Status

StateAccepted
Discussion Thread
Vote Thread[LAZY,CONSENSUS] Example dags
Vote Result ThreadRe: [LAZY,CONSENSUS] Example dags
Progress Tracking (PR/GitHub Project/Issue Label)Github Project "Airflow Examples Refurbish"
Date Created

 

Version Releasedtbd.
Authors

Motivation

Airflow Examples have been grown in number and focus over the past years. They purpose multiple things:

  • Serve as tutorials to learn Airflow DAG implementation
  • Serve with code snippets for documentation
  • Serve for testing the setup
  • (some) service for CI integration testing

Some example DAGs are in a good quality, some are not following best practices. Current examples do not follow a structure.

There are example DAGs contained in the Airflow core (currently pushed to standard provider/example_dags) as well as there are more examples in other providers. But examples from other providers are lot loaded automatically.

So in the Airflow 3 Dev Calls there was a demand named to clean-up and optimize example DAGs.

Considerations / Targets

  • The number of examples should be reduced to 20-30
    • If possible examples from docs should be represented in examples. Some code examples which are stand-alone in code should be moved into examples if possible.
    • Otherwise example content not referenced in documentation might be questioned if beneficial
    • If possible examples should be directly usable by copy&paste (consider imports for integrated snippets)
  • Examples should be arranged along a story-line if possible which might represent a virtual company and support real-life use cases. Might be good if we can structure it as growth of use-cases bringing in need for more features. i.e. starting off basic transformation → needing more complex task so using groups → using sensors, assets... showing progression of usage with project/company maturity. 
  • Examples should follow best practices in coding
  • Existing examples should be reviewed which DAGs are just used for testing. Testing DAGs should be separated and not pollute the example collection
  • Some examples are specific for providers. They should be moved to provider packages
  • A mechanism is to be created that uses DAG bundle loading mechanism to load example DAGs from providers w/o need to copy them to global examples.
  • Same like today if loading of example DAGs is enabled also needed plugins e.g. timetables should be usable out-of-the-box

Storyline

Current idea:

  • "Tailwind" - A virtual / non existing wind park energy company that powers a farm of win-mills to produce clean energy. The company has a strong demand to ETL sensor data from the windmills as well as need to act on data events when base data changes or contracts with customers renew. The company values also the DEI rules and has sustainable targets for clean energy and CO2 reduction.
    • Event driven case: New data is dropped on a file system (S3 would be great but can not be executed w/o S3, can be added to AWS provider as extension) that triggers data processing for wind energy. Data is loaded  and Asset events are generated (see Github Issue 52481)

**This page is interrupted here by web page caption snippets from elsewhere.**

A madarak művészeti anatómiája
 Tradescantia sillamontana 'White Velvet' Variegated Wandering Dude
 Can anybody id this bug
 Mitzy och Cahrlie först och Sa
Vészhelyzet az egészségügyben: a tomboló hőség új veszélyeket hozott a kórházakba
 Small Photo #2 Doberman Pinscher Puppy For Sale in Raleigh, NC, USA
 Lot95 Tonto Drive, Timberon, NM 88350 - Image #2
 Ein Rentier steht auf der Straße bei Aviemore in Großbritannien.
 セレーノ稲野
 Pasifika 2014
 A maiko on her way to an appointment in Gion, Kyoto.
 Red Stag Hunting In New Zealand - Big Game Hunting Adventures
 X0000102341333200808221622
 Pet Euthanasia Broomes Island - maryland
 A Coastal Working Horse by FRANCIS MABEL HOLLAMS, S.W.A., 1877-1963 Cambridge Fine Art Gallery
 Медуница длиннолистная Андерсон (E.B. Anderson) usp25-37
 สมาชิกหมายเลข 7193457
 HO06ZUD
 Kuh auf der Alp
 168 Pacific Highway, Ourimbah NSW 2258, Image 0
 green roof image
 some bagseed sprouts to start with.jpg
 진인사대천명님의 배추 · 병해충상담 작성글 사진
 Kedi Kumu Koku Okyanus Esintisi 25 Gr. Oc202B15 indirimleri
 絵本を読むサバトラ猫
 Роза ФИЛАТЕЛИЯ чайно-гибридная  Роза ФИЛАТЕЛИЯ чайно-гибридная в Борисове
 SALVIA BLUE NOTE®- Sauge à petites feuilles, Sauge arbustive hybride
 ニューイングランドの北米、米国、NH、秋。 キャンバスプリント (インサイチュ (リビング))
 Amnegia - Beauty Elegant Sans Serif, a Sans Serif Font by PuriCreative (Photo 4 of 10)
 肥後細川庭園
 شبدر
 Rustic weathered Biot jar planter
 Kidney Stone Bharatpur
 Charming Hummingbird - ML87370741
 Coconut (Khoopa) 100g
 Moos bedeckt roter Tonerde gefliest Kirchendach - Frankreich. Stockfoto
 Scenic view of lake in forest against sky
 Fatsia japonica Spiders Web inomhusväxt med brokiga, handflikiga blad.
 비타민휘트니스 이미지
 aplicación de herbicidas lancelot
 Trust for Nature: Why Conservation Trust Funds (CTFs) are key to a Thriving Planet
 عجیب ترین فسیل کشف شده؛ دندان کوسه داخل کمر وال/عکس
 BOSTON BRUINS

    • Asset driven pipeline around reporting,  data is split up per city of wind turbine and reports about production are distributed to shareholders. Branching can be used to check if a notification is sent via email or a custom notifier. This can also use branch labels. A third notification channel might be broken and as these shareholders are important we inform the admin in case of any task fails (trigger rule) and start a recovery task.
    • Scheduled nightly use case, example reporting is written to file system (where event pipeline is picking up!). As it would be too easy some tasks migth fail and then a custom weight rule is used for retries.
    • Manual correction trigger: Correction wind production counters can be submitted which then also are written to file system
    • Timetable example for maintenance schedule (selected calendar dates) where maintenance notifications are sent (see Github Issue 52479)
    • Scheduled hourly check for wind turbines state. This requires some special infrastructure to start and stop, using setup+teardown to open a VPN tunnel to the remote machines. This is using a generator pattern and produces the same logic for 3 counties. (see Github Issue 52480)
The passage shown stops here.